Foto: Gonçalo Fabião

Tal e qual, Sem sair da região da Grande Lisboa, viajei - e continuo a viajar agora enquanto escrevo este texto - de Honda CB1000R Black Edition na minha maneira de ver sentir e dizer. Se esta CB1000R fosse um livro…, ah, seria certamente o do Desassossego Pessoano. 

THE MATRIX 
Uma naked, uma muscle bike e uma café racer entraram num bar. Podia ser esta a “short story” mais curta de sempre para descrever uma moto. E não vai ser preciso muito mais para descrever esta moto para além daquela mistura fina descrita no início deste parágrafo que pode ser sintetizada no slogan da Honda: Neo Sports Cafe

Foto: Gonçalo Fabião

Aqui a marca nipónica monta um quadro monotrave em aço, optando por lhe juntar um, quatro cilindros em linha com o carimbo da qualidade Fireblade (998 cc, 104Nm, 140CV). Com uma posição de condução sóbria, correta e ao mesmo tempo envolvente com a máquina, os primeiros metros revelam uma moto soberba que rapidamente nos deixa assoberbados de liberdade.

A eletrónica, com destaque para o quick-shift que roça a perfeição, aliada ao demais hardware desta Honda e à nossa vontade de maximizar o prazer, faz nos encontrar rapidamente a resposta para outra pergunta. Se esta moto fosse um filme seria o clássico distópico Matrix, pois tudo parece andar demasiado devagar à nossa volta. E notem: não é fácil, nada fácil mesmo, esgotar aquele motor em estrada aberta. 

Foto: Gonçalo Fabião

Fará então sentido nos dias de hoje, onde o preço da gasolina bate recordes, deixarmo-nos encantar por um veículo urbano assim, que dificilmente gastará menos de seis litros de ouro líquido inflamável pornograficamente perfumado de impostos? 

CEDER AO DESEJO 
Sem qualquer dúvida que sim. Desde logo pela riqueza estética desta Black Edition cujos múltiplos detalhes confundem-nos, ao ponto de julgarmos que a moto saiu de uma das melhores oficinas de transformação de uma capital europeia e não de uma linha de montagem. 

Foto: Gonçalo Fabião

Sim também porque o lado desportivo desta moto despida convoca-a, caso o dono queira, a ser levada para um dia de pista – onde é forçoso optar por um acerto de suspensão mais sólido no sentido de maximizar a eficácia do conjunto; seguramente que não seria por ela que o condutor passaria vergonhas. 

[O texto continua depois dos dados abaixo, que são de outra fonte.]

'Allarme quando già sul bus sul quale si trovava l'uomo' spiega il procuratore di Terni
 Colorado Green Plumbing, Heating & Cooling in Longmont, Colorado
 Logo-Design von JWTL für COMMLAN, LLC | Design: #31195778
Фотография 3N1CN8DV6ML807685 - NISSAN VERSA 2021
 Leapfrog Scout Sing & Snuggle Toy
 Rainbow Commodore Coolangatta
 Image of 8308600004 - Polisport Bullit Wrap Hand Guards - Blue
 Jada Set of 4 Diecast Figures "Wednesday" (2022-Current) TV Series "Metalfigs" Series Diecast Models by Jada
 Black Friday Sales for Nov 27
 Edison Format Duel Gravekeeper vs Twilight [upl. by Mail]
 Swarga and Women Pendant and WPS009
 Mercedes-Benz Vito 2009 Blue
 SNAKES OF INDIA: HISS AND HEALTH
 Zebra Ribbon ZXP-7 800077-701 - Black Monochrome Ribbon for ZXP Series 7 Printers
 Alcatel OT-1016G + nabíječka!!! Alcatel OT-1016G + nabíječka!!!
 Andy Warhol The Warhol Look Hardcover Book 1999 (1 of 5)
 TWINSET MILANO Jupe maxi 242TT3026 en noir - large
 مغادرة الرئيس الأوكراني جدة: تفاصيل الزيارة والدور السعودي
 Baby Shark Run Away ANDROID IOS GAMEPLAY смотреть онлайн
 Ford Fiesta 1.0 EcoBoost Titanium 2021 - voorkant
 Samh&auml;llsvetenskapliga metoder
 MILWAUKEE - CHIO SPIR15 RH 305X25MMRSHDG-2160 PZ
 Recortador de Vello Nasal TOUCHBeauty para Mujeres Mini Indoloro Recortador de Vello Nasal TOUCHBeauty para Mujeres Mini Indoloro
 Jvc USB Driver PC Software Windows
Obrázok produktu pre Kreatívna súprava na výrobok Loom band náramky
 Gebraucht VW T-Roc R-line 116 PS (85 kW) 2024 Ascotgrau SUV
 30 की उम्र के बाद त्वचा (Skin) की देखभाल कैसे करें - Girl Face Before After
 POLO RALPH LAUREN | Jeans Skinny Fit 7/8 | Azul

Sim, ainda, porque sendo a natureza desta Honda CB1000R marcadamente urbana, o pequeno para-brisas é incrivelmente eficaz, alargando assim o raio de acção desta moto às estradas de montanha da região onde vivemos ou quem sabe até uma pequena viagem de fim-de-semana com a “turma”. 

Foto: Gonçalo Fabião

Para ceder ao desejo de livre desassossego que esta Graphite Black anuncia, a Honda solicita uma transferência bancária de quase 15.000€. Quer a personalidade quer a exclusividade terão sempre e o seu preço. Tal como a liberdade!